Plus que jamais, l'Algérie compte sur son potentiel énergétique pour assurer l'essentiel de ses ressources financières. Maintenant que les cours de l'or noir sont à des niveaux déprimants attaqués de plus en plus par le recours des gros consommateurs aux énergies renouvelables, tous les discours officiels sur la nécessité de passer à une croissance économique tirée par l'industrie et l'agriculture et non par les hydrocarbures ne sont qu'un doux rêve.
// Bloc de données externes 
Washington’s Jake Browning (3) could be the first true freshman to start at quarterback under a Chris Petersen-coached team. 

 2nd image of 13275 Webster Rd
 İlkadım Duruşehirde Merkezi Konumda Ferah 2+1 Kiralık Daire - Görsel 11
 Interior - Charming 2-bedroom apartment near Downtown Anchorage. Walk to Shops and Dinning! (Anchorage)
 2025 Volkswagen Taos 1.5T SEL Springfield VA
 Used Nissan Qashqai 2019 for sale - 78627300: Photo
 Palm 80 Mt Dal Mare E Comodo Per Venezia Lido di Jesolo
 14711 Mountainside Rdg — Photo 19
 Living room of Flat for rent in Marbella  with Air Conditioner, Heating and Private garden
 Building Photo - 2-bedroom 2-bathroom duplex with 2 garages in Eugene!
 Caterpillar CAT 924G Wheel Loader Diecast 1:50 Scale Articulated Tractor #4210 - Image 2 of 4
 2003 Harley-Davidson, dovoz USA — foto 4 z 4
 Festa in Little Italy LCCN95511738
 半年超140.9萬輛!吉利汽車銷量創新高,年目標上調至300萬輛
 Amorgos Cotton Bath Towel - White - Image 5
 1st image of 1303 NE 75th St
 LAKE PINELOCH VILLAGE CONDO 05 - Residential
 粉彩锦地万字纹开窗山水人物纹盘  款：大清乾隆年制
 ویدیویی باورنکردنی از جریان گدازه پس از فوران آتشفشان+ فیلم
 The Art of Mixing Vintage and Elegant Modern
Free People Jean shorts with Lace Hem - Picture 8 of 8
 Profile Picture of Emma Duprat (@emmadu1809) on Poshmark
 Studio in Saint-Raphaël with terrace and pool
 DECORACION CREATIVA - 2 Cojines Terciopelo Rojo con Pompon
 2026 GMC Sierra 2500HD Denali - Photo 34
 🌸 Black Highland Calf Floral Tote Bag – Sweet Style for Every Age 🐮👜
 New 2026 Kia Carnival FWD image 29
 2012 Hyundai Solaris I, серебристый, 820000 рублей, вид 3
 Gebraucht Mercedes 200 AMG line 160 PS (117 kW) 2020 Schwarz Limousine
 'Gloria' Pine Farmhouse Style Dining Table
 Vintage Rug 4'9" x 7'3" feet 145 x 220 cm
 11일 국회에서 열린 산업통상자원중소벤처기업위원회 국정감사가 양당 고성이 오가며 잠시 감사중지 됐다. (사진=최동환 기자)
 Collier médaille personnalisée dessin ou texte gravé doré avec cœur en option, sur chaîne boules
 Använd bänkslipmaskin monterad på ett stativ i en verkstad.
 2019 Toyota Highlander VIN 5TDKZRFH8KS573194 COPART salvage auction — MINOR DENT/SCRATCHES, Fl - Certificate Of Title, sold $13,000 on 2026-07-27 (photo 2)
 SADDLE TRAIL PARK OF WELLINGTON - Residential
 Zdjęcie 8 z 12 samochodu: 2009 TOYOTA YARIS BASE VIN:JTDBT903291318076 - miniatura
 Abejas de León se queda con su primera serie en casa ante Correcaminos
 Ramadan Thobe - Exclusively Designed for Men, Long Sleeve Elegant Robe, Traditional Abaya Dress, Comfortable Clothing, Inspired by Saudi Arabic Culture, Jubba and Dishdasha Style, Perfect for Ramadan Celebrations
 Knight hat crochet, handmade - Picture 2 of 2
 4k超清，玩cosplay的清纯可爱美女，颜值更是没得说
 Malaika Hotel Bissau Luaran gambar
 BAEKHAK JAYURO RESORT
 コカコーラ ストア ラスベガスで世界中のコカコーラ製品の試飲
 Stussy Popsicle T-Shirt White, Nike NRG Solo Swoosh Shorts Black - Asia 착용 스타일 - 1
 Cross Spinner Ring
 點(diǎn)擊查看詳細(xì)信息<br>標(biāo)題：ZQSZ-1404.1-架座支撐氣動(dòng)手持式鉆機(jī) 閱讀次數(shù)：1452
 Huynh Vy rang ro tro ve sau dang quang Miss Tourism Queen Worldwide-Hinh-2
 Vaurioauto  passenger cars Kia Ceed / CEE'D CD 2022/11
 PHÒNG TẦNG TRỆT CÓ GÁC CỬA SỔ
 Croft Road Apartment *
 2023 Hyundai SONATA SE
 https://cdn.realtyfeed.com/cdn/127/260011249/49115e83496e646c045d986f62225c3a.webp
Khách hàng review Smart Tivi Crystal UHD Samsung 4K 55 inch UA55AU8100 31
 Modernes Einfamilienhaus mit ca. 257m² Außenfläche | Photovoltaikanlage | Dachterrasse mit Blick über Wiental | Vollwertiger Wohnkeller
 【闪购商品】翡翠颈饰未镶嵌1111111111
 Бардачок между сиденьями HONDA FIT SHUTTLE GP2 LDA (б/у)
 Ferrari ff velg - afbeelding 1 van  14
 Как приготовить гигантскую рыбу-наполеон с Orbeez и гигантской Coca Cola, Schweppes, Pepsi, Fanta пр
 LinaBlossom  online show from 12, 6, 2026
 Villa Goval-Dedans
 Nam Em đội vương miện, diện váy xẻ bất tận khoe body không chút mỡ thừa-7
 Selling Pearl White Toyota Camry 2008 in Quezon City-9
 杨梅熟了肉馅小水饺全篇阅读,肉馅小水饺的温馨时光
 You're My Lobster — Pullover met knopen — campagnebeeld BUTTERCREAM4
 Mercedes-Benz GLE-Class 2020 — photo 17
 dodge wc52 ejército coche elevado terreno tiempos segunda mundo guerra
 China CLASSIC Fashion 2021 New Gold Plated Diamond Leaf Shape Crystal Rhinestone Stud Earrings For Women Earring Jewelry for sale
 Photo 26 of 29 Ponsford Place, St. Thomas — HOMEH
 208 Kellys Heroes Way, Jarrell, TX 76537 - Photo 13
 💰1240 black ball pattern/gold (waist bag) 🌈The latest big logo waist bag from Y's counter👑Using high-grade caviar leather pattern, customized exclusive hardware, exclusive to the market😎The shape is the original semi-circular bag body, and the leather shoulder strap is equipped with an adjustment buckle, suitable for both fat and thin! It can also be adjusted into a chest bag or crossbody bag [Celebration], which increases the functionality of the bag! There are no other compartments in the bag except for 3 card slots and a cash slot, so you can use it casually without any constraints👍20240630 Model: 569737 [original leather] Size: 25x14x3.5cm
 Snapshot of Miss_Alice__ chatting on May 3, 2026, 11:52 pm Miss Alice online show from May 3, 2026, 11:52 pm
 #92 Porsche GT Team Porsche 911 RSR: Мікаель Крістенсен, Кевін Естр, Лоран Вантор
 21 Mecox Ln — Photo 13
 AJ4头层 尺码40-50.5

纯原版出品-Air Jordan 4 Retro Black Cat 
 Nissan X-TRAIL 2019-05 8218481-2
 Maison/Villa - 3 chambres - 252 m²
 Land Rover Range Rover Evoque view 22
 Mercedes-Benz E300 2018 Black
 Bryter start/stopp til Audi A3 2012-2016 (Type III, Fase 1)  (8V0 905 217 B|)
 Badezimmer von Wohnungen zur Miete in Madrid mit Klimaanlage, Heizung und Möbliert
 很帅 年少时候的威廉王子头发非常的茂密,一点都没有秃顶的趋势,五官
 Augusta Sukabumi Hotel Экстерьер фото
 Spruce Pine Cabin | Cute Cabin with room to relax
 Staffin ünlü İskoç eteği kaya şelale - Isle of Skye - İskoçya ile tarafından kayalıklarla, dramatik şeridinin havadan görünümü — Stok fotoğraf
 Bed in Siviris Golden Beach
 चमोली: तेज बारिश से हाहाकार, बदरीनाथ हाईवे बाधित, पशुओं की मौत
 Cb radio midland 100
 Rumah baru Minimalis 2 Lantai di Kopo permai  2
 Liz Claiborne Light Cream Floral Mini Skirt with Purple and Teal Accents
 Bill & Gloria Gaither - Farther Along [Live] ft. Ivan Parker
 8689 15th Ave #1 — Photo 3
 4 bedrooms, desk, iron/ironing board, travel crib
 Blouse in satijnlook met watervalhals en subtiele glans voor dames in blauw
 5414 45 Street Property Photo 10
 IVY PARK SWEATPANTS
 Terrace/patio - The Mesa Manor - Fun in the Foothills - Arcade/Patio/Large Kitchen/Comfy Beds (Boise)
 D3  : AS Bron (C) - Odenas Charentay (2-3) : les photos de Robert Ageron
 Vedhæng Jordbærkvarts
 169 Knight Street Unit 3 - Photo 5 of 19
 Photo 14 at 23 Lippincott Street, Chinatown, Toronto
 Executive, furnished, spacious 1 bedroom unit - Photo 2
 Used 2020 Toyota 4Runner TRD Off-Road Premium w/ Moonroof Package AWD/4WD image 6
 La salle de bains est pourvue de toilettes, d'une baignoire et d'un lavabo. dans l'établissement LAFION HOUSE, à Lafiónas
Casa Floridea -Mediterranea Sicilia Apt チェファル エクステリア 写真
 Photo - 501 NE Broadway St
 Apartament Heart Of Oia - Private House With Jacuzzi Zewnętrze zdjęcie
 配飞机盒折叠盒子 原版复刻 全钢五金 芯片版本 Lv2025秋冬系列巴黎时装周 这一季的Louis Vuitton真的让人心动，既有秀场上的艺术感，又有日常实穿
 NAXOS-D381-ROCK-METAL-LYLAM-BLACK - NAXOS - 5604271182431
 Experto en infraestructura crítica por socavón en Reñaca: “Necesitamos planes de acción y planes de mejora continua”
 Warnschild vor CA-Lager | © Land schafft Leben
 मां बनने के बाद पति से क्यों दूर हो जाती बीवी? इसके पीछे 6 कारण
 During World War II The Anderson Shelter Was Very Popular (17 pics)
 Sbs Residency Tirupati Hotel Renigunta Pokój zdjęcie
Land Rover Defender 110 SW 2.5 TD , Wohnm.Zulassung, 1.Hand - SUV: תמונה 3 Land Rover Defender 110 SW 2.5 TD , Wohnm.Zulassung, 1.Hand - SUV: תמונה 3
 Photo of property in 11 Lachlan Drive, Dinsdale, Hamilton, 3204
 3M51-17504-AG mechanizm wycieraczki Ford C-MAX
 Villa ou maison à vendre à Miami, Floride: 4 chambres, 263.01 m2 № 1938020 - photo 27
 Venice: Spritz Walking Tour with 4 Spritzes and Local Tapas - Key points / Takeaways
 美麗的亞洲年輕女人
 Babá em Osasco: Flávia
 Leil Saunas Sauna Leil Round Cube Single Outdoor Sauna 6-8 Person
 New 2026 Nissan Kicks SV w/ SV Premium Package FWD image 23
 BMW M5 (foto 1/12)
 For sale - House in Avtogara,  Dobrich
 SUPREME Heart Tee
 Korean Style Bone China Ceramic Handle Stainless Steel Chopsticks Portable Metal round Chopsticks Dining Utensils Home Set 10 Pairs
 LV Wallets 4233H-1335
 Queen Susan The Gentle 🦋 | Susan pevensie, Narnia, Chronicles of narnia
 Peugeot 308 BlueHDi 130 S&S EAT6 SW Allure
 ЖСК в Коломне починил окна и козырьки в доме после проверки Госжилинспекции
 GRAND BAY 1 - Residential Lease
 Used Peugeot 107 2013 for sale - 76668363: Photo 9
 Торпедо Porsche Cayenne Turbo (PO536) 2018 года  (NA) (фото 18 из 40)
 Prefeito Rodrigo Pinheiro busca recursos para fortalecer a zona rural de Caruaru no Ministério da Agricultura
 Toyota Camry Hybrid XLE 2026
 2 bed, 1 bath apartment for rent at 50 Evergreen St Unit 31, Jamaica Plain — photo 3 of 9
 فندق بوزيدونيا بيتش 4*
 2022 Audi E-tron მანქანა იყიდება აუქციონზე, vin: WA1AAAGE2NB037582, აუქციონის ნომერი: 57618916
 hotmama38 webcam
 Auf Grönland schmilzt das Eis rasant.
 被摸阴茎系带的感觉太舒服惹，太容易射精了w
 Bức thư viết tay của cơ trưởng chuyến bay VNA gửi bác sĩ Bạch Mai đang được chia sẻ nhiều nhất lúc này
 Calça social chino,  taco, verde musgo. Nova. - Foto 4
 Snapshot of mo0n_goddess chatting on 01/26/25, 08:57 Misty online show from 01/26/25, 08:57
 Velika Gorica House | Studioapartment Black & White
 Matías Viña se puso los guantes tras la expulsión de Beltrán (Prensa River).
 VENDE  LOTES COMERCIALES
Les hydrocarbures, pour le gouvernement, sont au contraire le nerf de la guerre dans la phase économique actuelle, marquée par une crise financière sans précédent depuis les années 1990.

Et, pour éviter d'aller à l'endettement externe, le pays a choisi la voie contestable du financement non conventionnel pour assurer au moins le fonctionnement normal du pays en attendant la mise en place de la politique d'exploitation des énormes réserves d'hydrocarbures non conventionnelles, c'est-à-dire le pétrole et le gaz de schiste.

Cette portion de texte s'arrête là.